I want to talk about discrimination, even if though I have been fortunate enough to rarely be a target. I don’t expect to change the world. I doubt I’ll even have the opportunity to change any minds. I want to talk about it as “othering” because it weighs heavily on my mind every day, perhaps more so than any topic.

Every single day, I see examples of discrimination. From blatant, overt racism to silly blonde jokes. Fat shaming, kink shaming, ageism, ableism, sexism. Liberal versus conservative. Religious intolerance.

Discrimination manifests in ways as subtle as microaggressions to as overt as physical assault. Some people just like to pollute the air with slurs. The worst is the discrimination we don’t see, where people are denied jobs and loans and opportunities just because someone else takes offense to the way they look or the way they live their life.

Maybe it is difficult for some people to look at others and see the differences while retaining the idea that we are all the same.

Some individuals are true monsters, but not because of their cross section or identity. It’s okay to judge a person on their actions. When someone shows you who they really are, believe them. But let people show you first.

This is not simple. It takes practice and patience. But it is necessary.

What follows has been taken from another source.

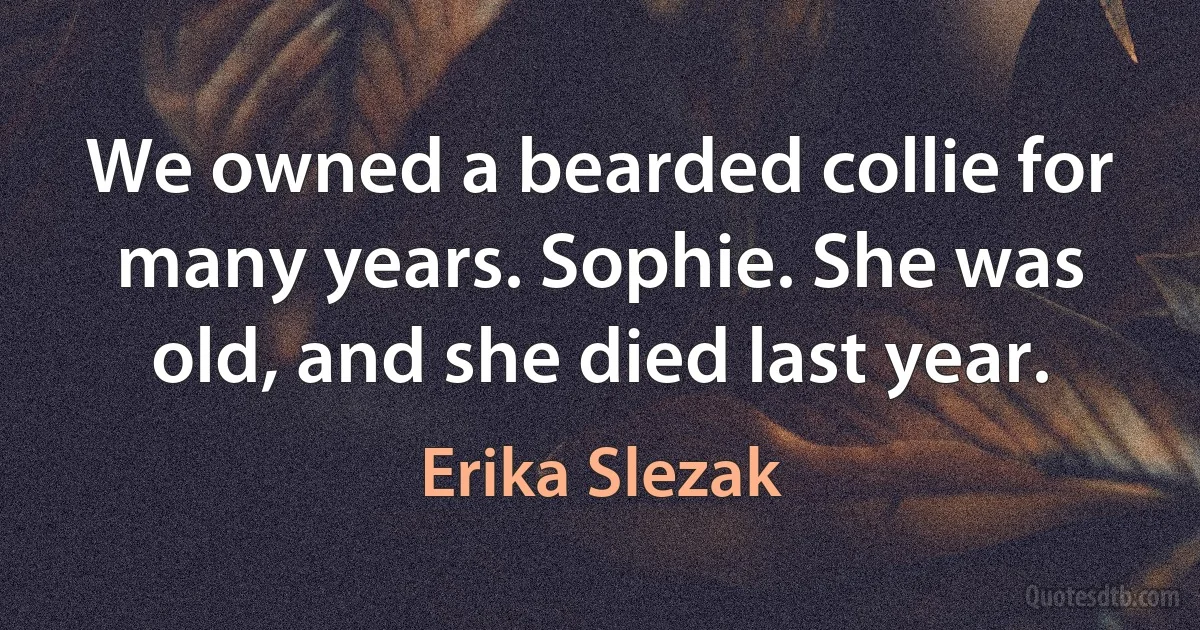 We owned a bearded collie for many years. Sophie. She was old, and she died last year. (Erika Slezak)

I’m no saint. When I was younger, I took the messages from my church to heart, and I was not as kind as I should have been to someone that came out to me as gay. I hurt them with my disapproval. It’s one of my biggest regrets, and I’m sorry they had to suffer for me to learn the lesson.

It’s like we’re taught to Other people early on, and then we’re encouraged to practice it daily. Have you ever seen someone shout at someone for liking a different sports team? Have you been part of an organization that regularly hazes the newest members? How do you feel about patriotism? If you’re in the US, how comfortable are you with talking with someone with a thick accent? We’re trained in school, during pep rallies, to hold some other group of people in contempt, and as we get older, we continue to practice those ways every day. Reducing people to the place they’re from, or the way they look or sound.

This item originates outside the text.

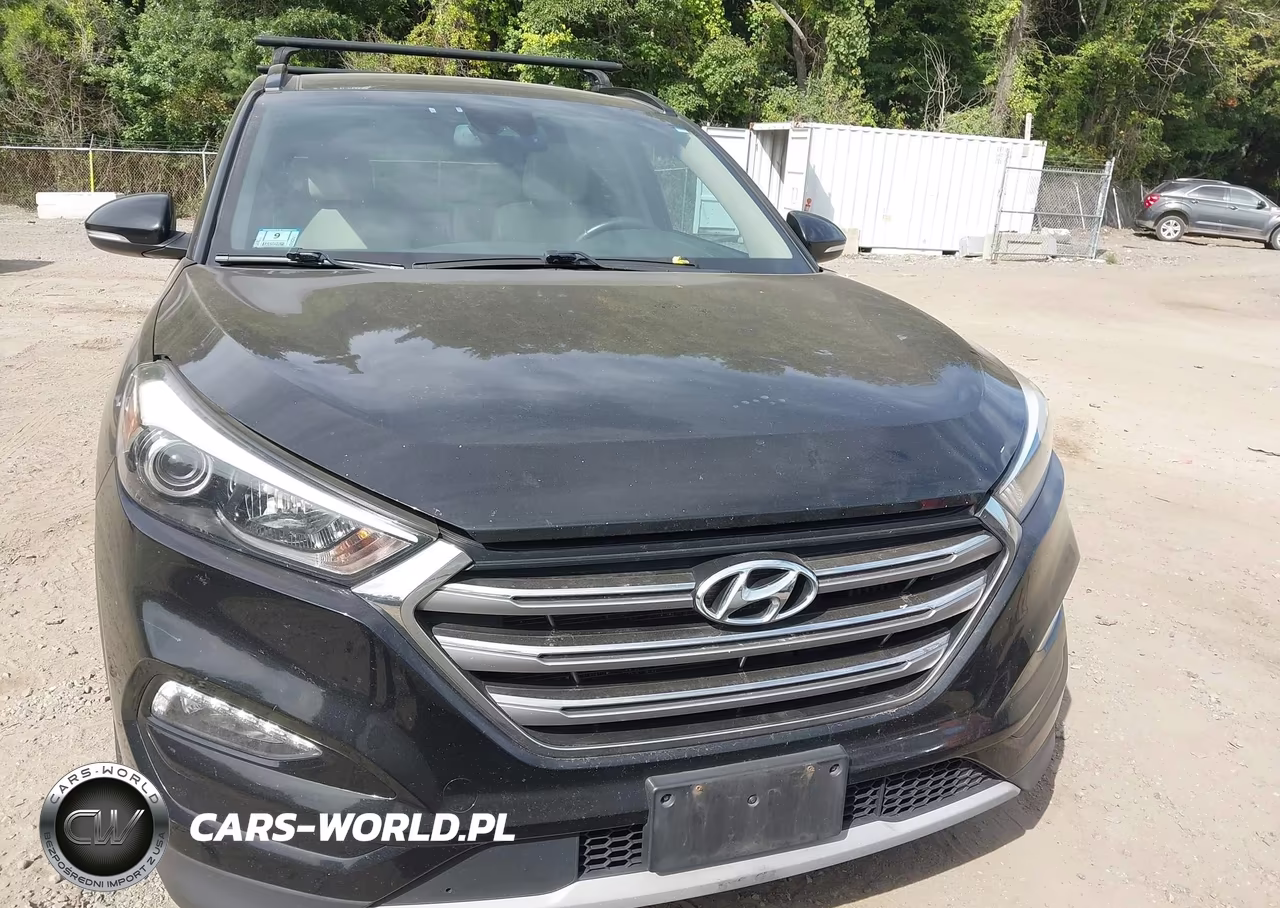 2017 Hyundai Tucson Limited VIN:KM8J3CA28HU333124 - 12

There are worse forms of discrimination than others, and I’m not trying to diminish racism by also talking about sports fans treating each other badly. People are dying because of the color of their skin, every day. Although some sports fans tear their town apart and overturn cars based on the outcome of an event, it’s different. I’m talking about discrimination and othering broadly because I think the type of thinking involved is the same, and I want to reiterate that we are encouraged into this type of thinking in every walk of life. It’s systemic.

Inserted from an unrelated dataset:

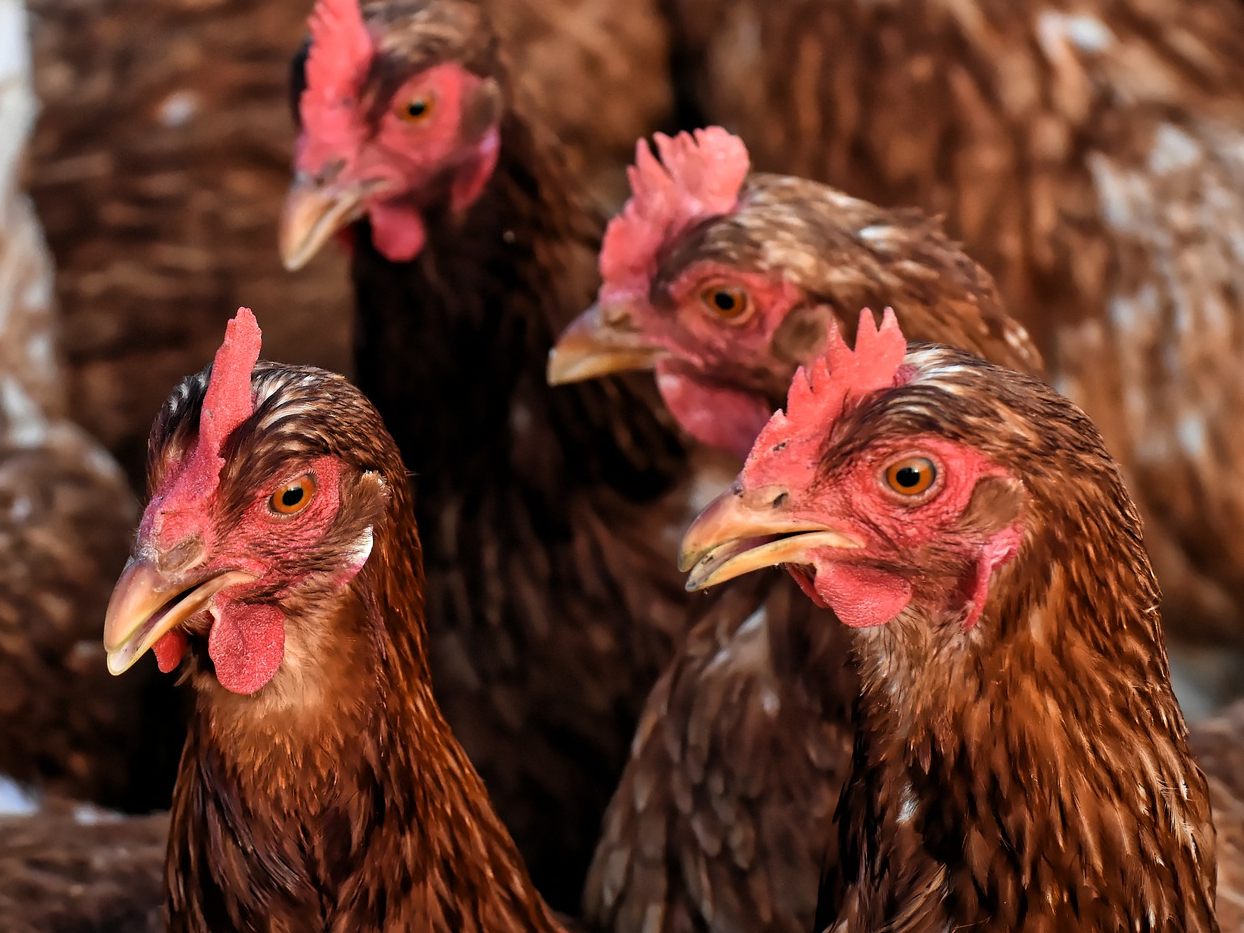 In einem kleinen Betrieb in Niederösterreich wurde Geflügelpest nachgewiesen. In einem kleinen Betrieb in Niederösterreich wurde Geflügelpest nachgewiesen.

Is there an answer? Is this just how humans will always behave?

I want to believe things are getting better over time, but I don’t know. Individuals can certainly overcome ingrained habits and treat other people with respect and kindness, rather than reduce them to whatever cross-section is present. It takes a little bit of empathy and active listening. If enough individuals choose to overcome prejudice, then positive change can occur.

There are no easy answers. There are just people.